» **Records for processing**:

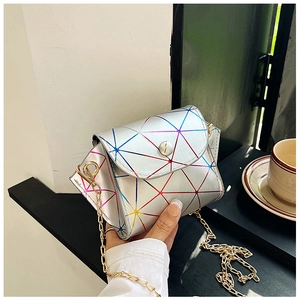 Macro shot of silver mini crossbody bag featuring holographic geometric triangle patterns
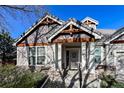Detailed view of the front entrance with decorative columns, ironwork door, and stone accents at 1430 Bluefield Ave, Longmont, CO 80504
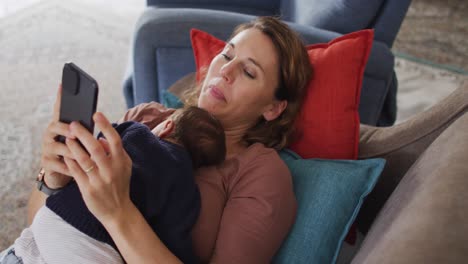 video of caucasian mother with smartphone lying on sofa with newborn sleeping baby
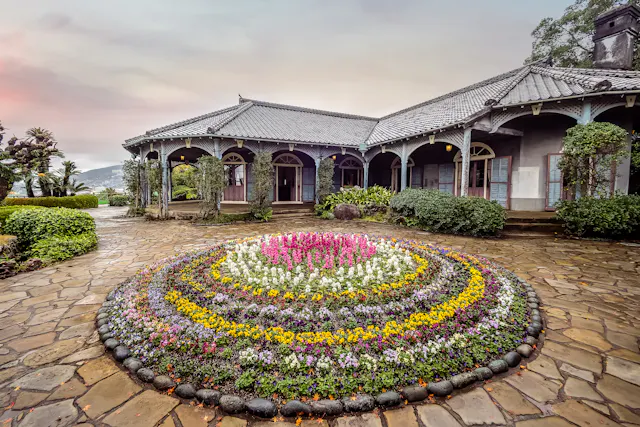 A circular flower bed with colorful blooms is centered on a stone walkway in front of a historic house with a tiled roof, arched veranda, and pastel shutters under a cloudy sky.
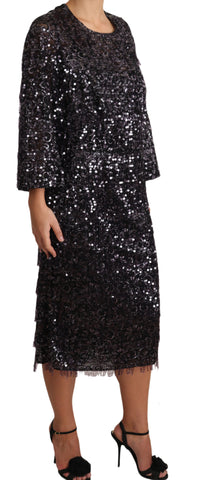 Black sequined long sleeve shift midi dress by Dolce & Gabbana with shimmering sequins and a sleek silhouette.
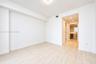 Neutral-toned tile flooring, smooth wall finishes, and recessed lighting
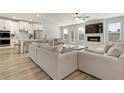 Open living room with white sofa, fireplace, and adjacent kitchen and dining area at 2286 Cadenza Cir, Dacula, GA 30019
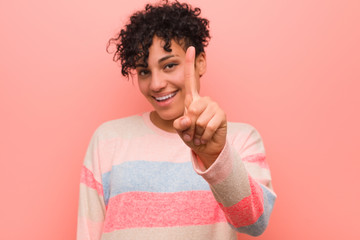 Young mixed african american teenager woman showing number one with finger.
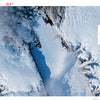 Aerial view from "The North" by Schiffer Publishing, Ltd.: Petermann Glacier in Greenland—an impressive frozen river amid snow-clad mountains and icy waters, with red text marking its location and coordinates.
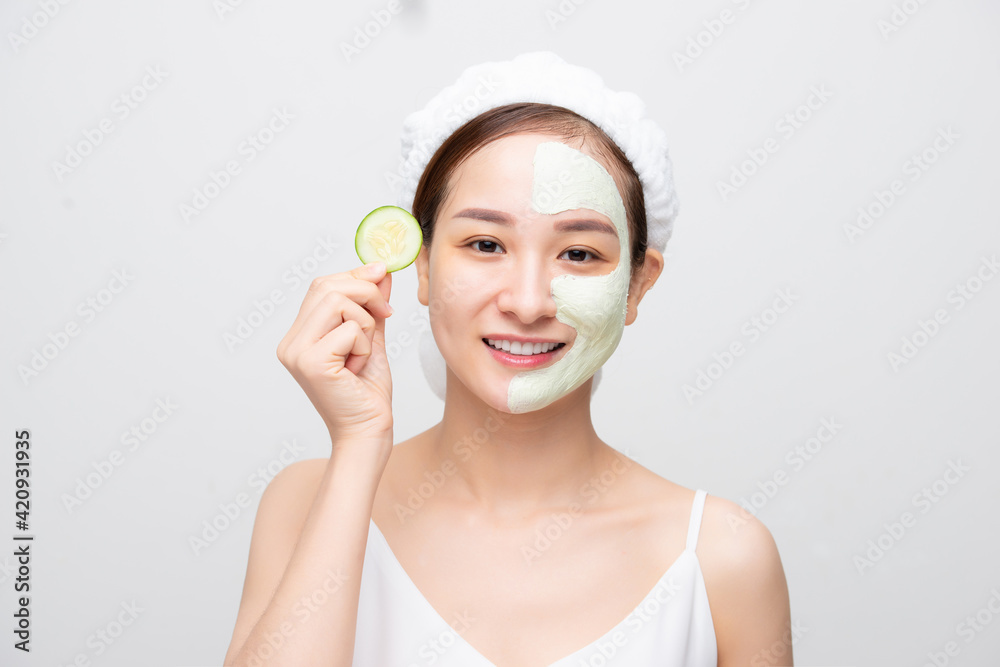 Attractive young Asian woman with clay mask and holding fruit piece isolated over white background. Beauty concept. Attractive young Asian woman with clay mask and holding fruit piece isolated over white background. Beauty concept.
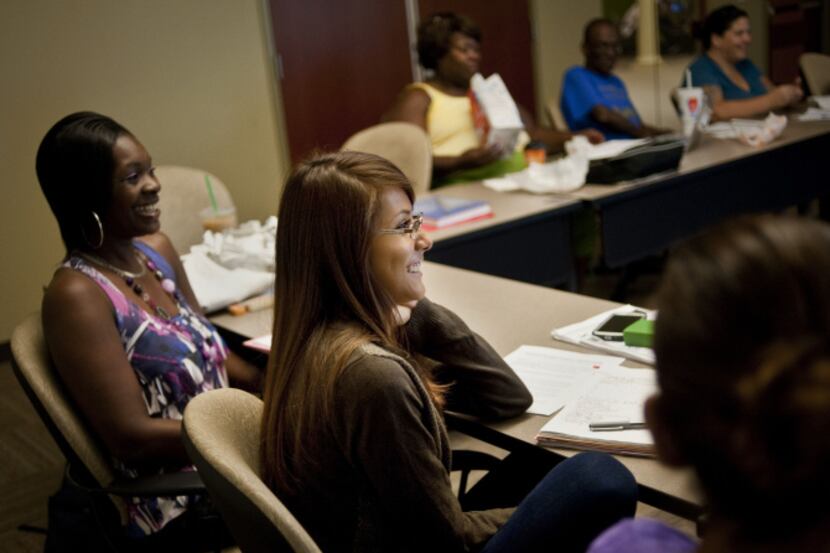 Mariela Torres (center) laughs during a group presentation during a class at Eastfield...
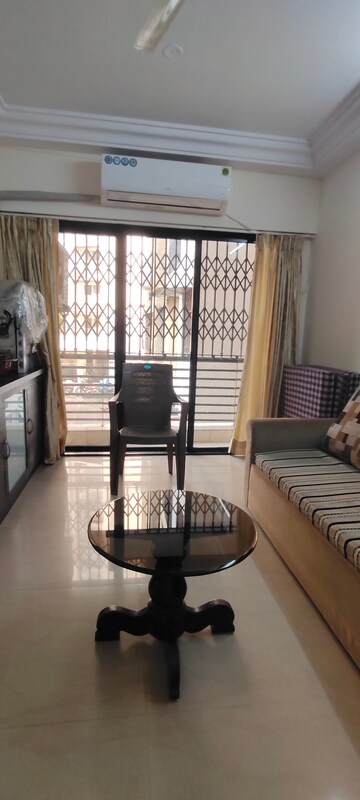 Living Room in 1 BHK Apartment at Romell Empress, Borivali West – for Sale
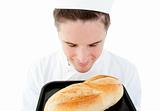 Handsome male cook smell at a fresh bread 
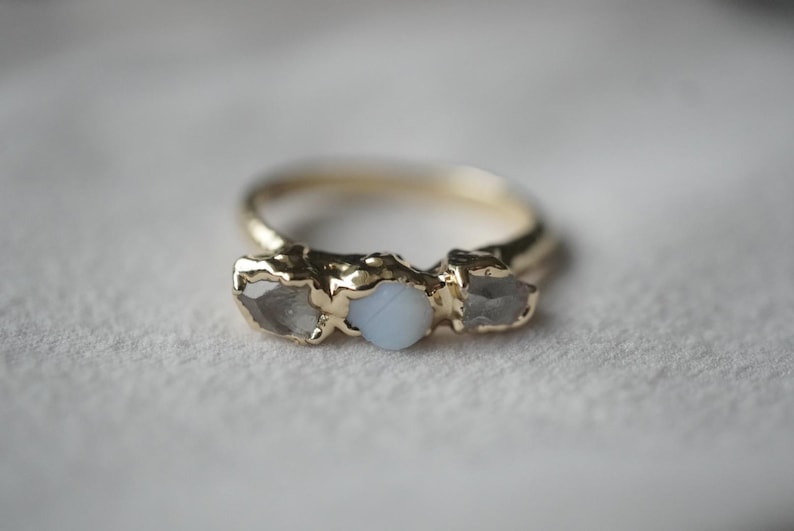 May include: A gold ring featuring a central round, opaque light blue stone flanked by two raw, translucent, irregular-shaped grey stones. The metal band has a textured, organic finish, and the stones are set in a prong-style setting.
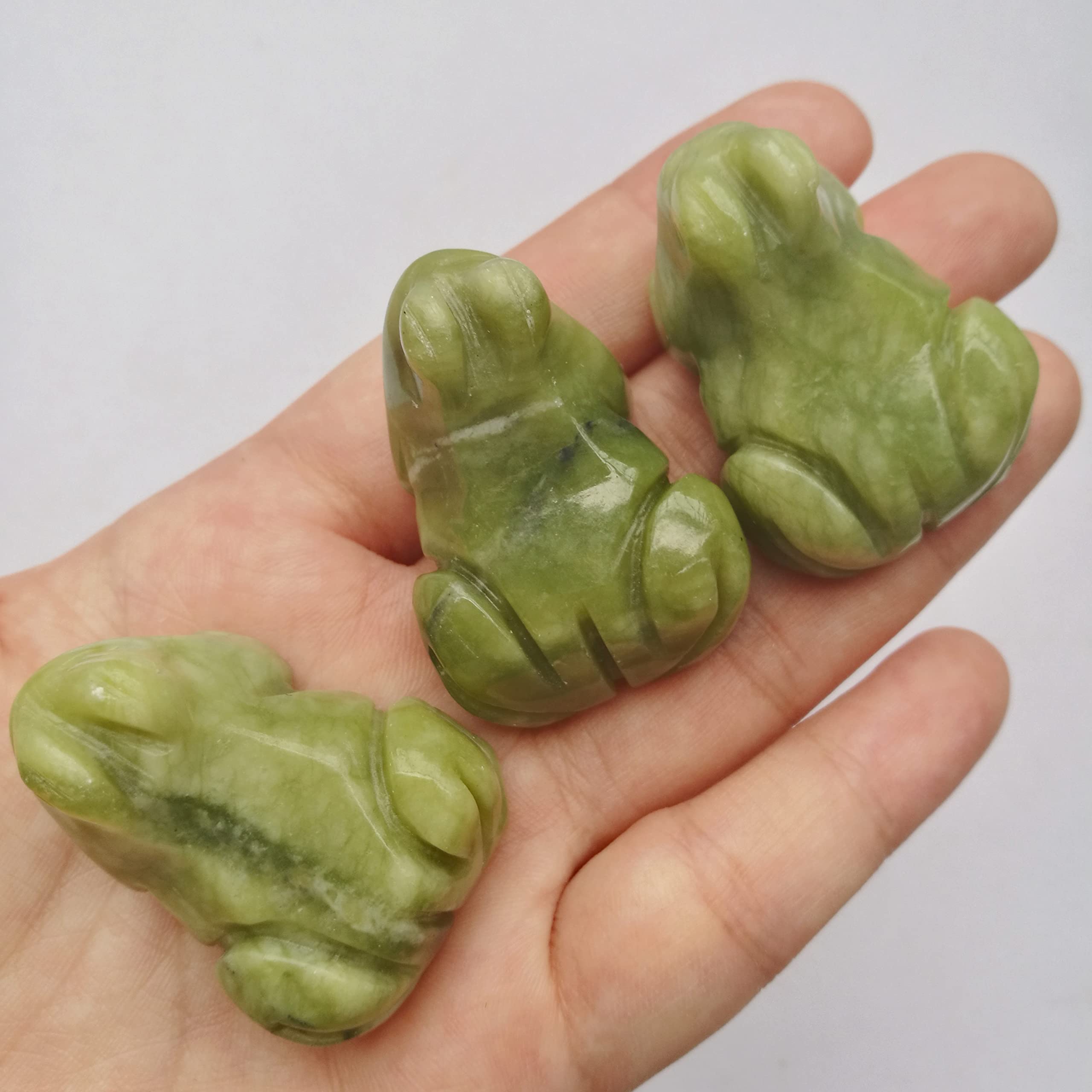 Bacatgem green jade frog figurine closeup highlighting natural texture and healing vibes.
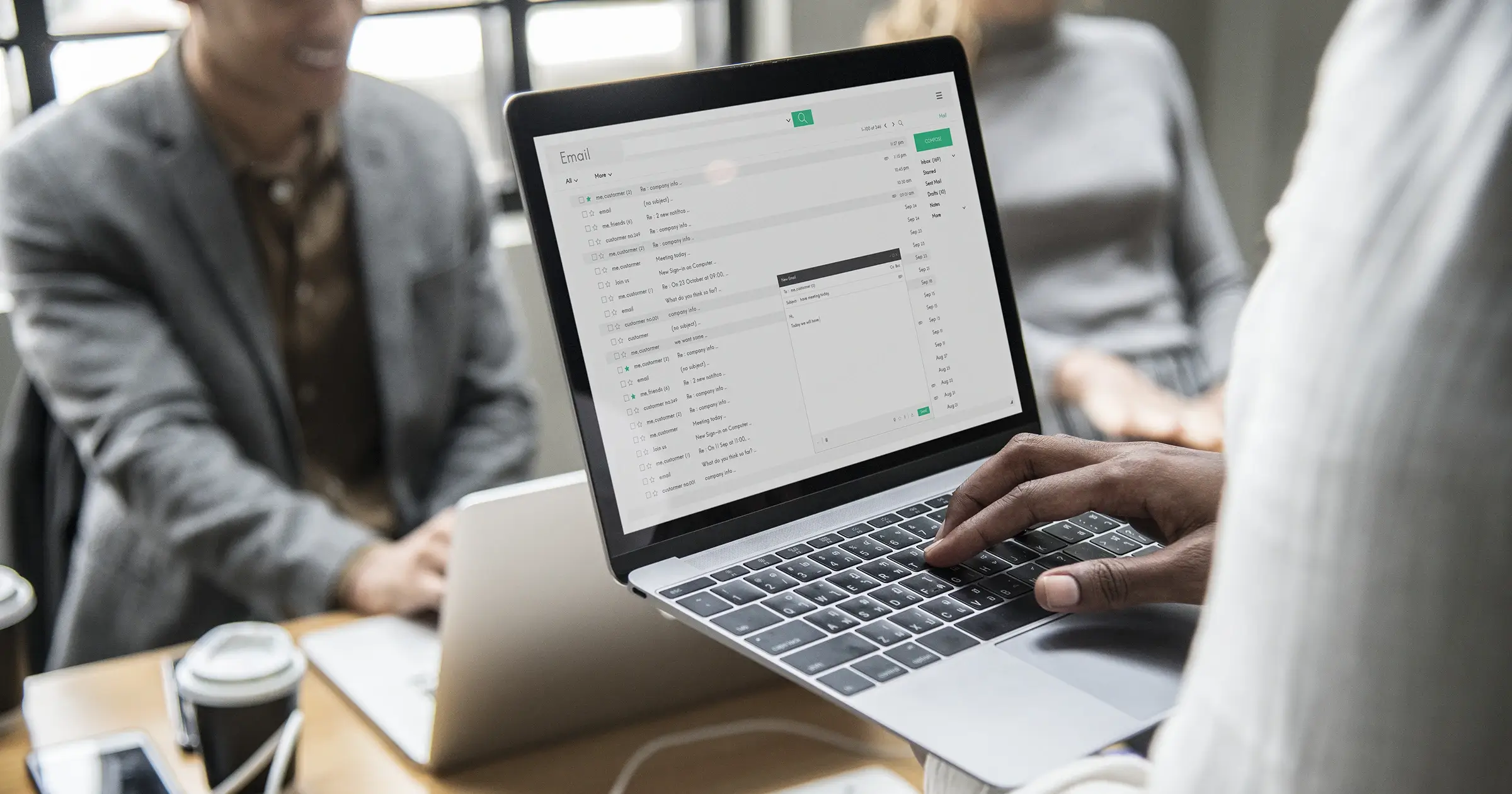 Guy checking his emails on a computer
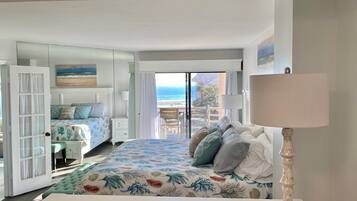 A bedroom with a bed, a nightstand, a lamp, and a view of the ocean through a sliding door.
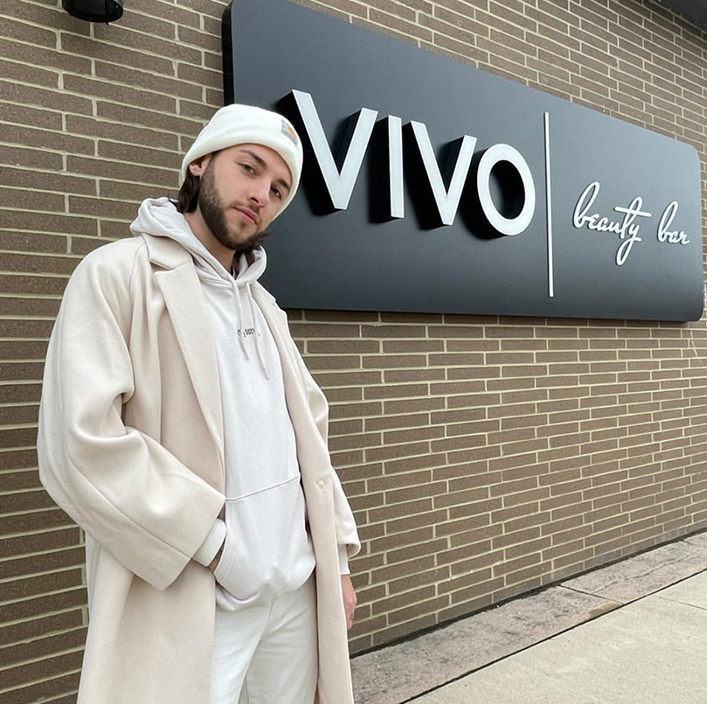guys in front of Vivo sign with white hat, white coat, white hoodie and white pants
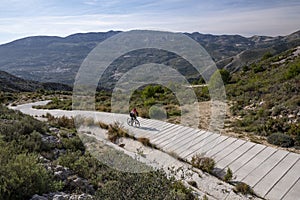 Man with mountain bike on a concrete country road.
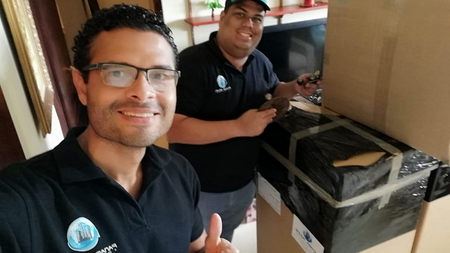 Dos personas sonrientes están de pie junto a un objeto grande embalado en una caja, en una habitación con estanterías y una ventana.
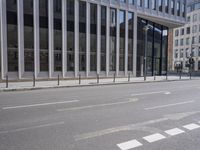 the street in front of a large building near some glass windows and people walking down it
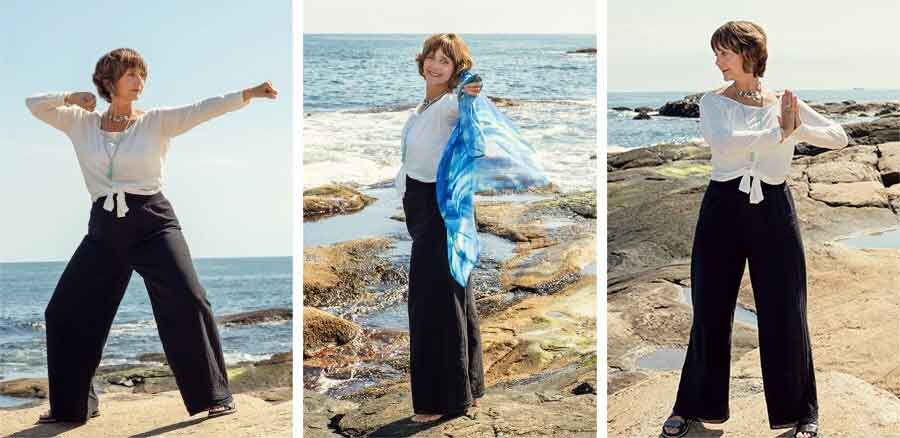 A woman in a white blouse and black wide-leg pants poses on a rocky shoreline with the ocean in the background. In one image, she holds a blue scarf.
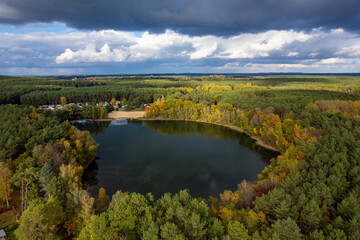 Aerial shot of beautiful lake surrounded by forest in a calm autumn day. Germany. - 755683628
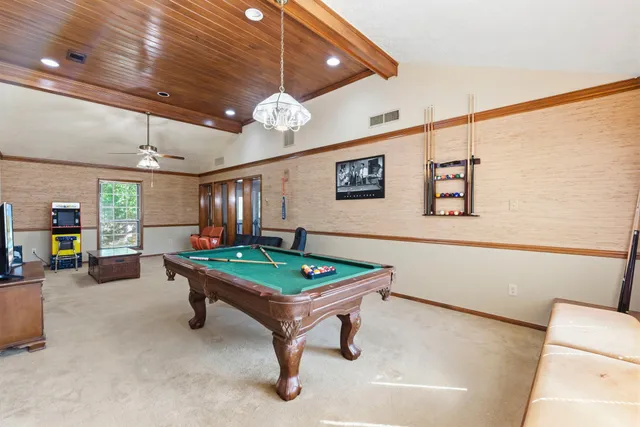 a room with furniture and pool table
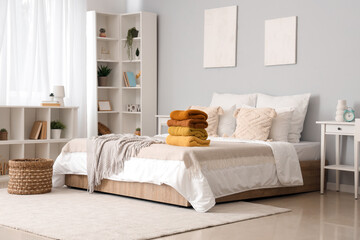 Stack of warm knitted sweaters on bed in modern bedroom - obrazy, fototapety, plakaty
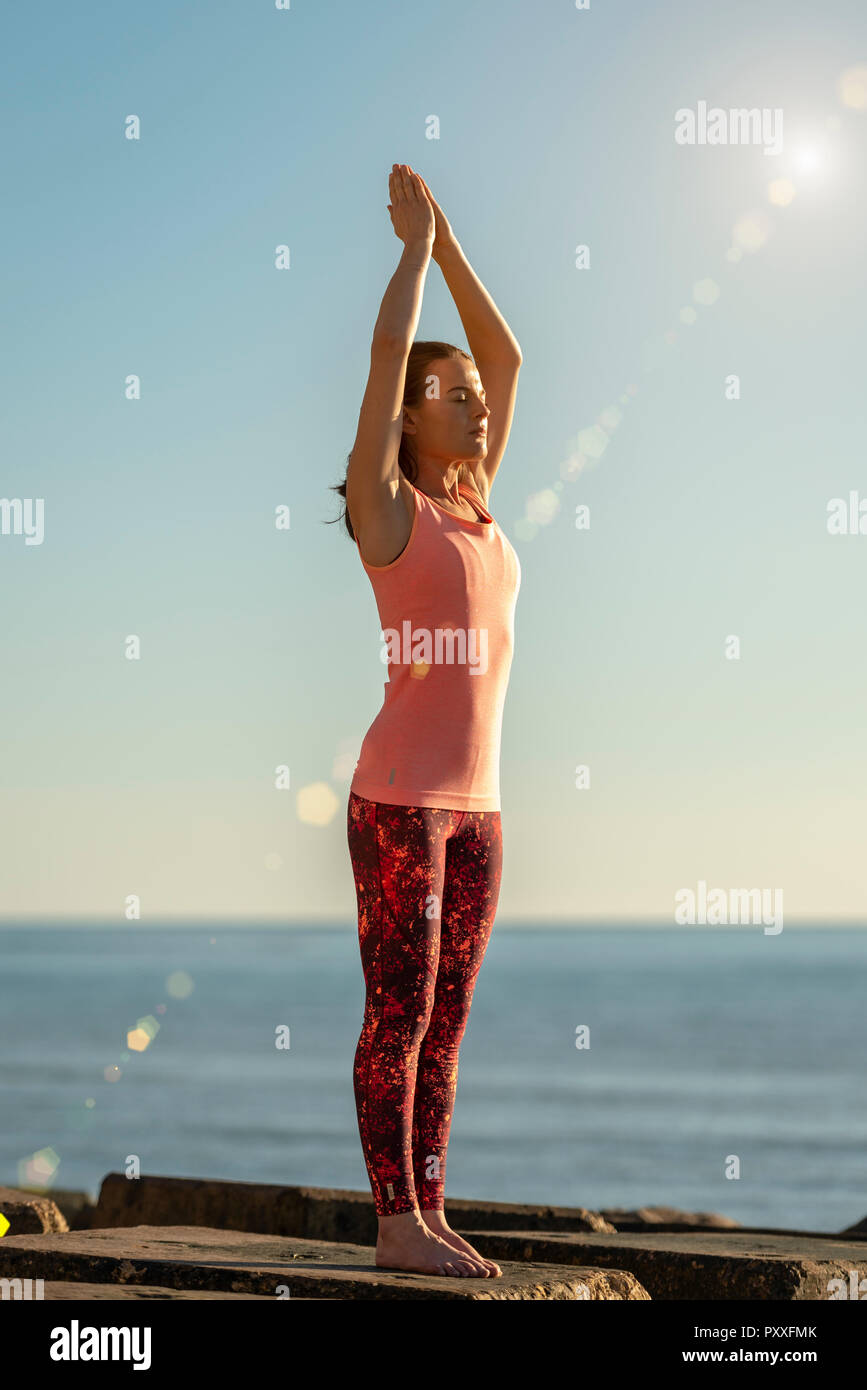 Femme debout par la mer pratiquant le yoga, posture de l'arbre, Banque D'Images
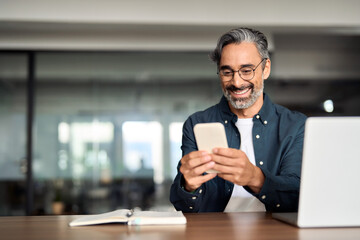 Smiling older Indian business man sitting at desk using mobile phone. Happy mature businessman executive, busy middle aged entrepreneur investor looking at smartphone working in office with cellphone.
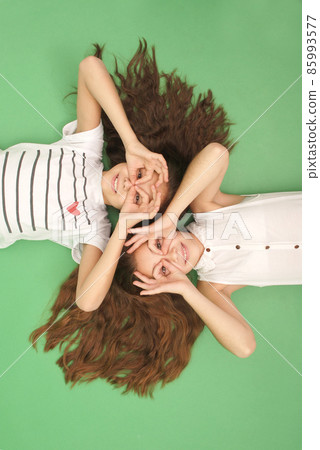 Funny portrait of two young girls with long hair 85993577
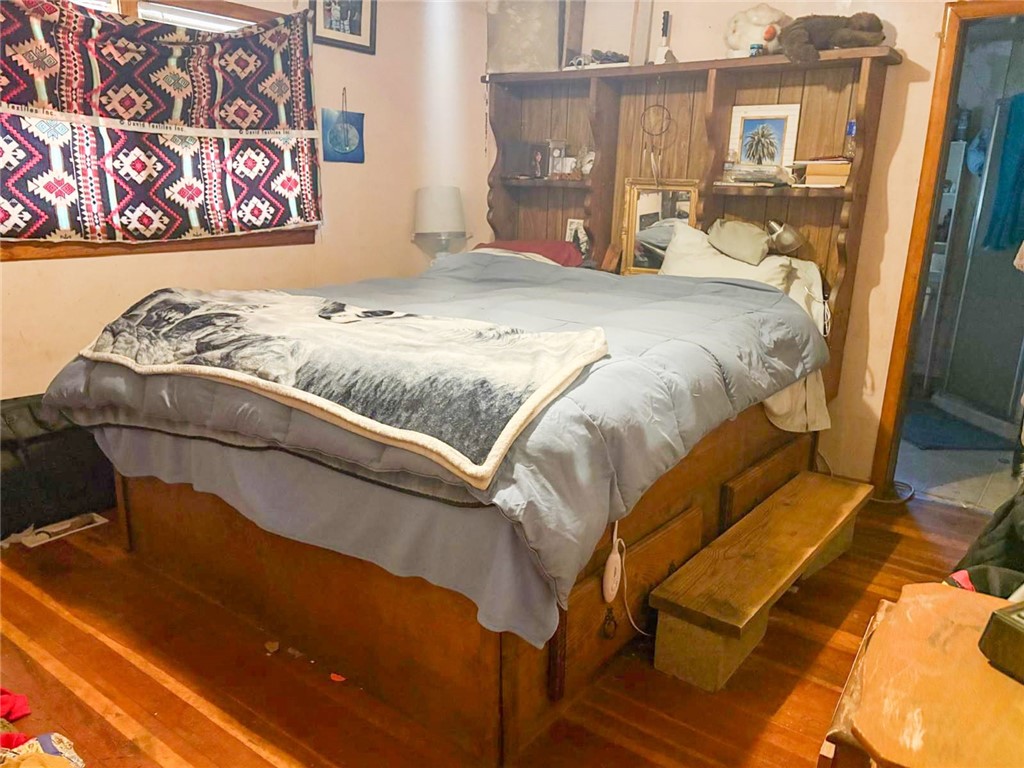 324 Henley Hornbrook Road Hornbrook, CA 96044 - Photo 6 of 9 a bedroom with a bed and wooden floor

» **Exercise directions**: Nothing is needed beyond an exact transcription of the lines from the one containing "Funny portrait of" to the end of the entries above, with the pictures omitted.

» **Exercise result**:
 Funny portrait of two young girls with long hair 85993577
 324 Henley Hornbrook Road Hornbrook, CA 96044 - Photo 6 of 9 a bedroom with a bed and wooden floor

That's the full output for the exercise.